Whooping and cheering they galloped forward in a confused mass, hoping to skewer their enemy. Hector swung the muzzle of his gun to aim into the charging body of riders. None of the Spaniards wore uniform or armour. These were not professional troopers, but farmers and cattlemen seeking to protect their property.

  He selected his target — a stout, red-faced cavalier astride a dun horse with a white blaze — and pulled the trigger. In the confusion and through the gun smoke he could not see whether his shot went home.

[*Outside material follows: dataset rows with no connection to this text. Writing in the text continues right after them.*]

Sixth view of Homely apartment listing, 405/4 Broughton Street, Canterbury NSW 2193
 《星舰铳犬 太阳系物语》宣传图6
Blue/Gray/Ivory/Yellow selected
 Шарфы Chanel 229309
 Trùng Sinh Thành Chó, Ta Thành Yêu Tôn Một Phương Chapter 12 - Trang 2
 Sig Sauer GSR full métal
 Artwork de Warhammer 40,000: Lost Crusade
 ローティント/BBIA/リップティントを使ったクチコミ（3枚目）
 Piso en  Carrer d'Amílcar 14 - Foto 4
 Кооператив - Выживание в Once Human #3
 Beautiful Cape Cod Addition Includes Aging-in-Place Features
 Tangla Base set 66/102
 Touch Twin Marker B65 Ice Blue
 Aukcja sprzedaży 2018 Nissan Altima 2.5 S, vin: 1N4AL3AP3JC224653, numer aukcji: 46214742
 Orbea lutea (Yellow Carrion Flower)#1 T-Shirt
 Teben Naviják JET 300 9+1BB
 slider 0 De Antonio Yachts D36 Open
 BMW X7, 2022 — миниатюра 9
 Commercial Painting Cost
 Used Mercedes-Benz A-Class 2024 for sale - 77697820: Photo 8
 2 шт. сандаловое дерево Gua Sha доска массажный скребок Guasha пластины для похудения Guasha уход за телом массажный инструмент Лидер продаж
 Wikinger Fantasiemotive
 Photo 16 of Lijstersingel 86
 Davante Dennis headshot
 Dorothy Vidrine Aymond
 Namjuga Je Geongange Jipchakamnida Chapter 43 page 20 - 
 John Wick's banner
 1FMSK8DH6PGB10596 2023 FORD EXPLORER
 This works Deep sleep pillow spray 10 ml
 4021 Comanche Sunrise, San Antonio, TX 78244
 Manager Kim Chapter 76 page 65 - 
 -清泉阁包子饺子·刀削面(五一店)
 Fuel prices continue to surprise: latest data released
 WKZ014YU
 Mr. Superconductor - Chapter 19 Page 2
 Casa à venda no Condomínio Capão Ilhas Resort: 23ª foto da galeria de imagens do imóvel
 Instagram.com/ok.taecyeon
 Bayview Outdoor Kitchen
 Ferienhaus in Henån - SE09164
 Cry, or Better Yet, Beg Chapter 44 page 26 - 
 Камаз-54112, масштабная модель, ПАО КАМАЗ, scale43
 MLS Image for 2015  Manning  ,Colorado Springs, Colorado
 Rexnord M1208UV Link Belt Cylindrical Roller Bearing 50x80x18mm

  He rose to his feet, placed the butt of his musket on the ground, and plucked a new powder charge from the cartouche box on his belt. Beside him Jezreel was doing the same. Vaguely Hector sensed that the Spaniards' attack had come to nothing. A scatter of horsemen was galloping back towards the shelter of the woods. One or two bodies had been left lying on the ground, and a riderless horse came tearing past, reins hanging loose, the bucket-shaped saddle empty. Hector charged and primed his gun, selected a musket ball from the bag hanging from his waist and dropped it down the barrel. He was about to tamp the bullet home with his ramrod when, beside him, Jezreel said, 'No time for that!' Hector watched his companion lift his musket a few inches off the ground and slam the butt down sharply so the bullet came up hard against the wadding. 'Saves a few seconds,' grinned Jezreel, as he dropped back on one knee and brought the weapon to his shoulder. 'Now let them come at us again.'

  But the skirmish was over. The Spaniards had withdrawn. They had lost four men, while not one of Watling's group had been wounded. 'Honour satisfied, I think,' said Jezreel. 'I feel sorry for them. One of their lancers was carrying nothing more than a sharpened cattle prod.'

  The column moved forward, more cautiously now, and two miles farther on arrived at the outskirts of La Serena. It was the first Spanish colonial town that Hector had ever entered, and he was struck by the mathematical precision of the place. Compared to the haphazard jumble of Port Royal with its narrow lanes and dogleg streets, La Serena was a model of careful planning. Broad straight avenues were laid out in an exact grid, every intersection was a precise right angle, each house stood at the same distance from its neighbour, and their frontages matched as if in mirrors. Even the town fountain was located at the geometrical centre of the market square. The two-storey houses were of pale yellow sandstone and most of them had carved wooden balconies, studded double doors and heavy shutters. Occasionally there was a glimpse of a garden or small orchard behind a boundary wall, or the ornate bell tower of a church rising above the red-tiled roofs. Everything was solid, neat and substantial. But what made La Serena seem to be an architect's concept rather than a living township was that the town was empty. There was not a single living creature in its streets.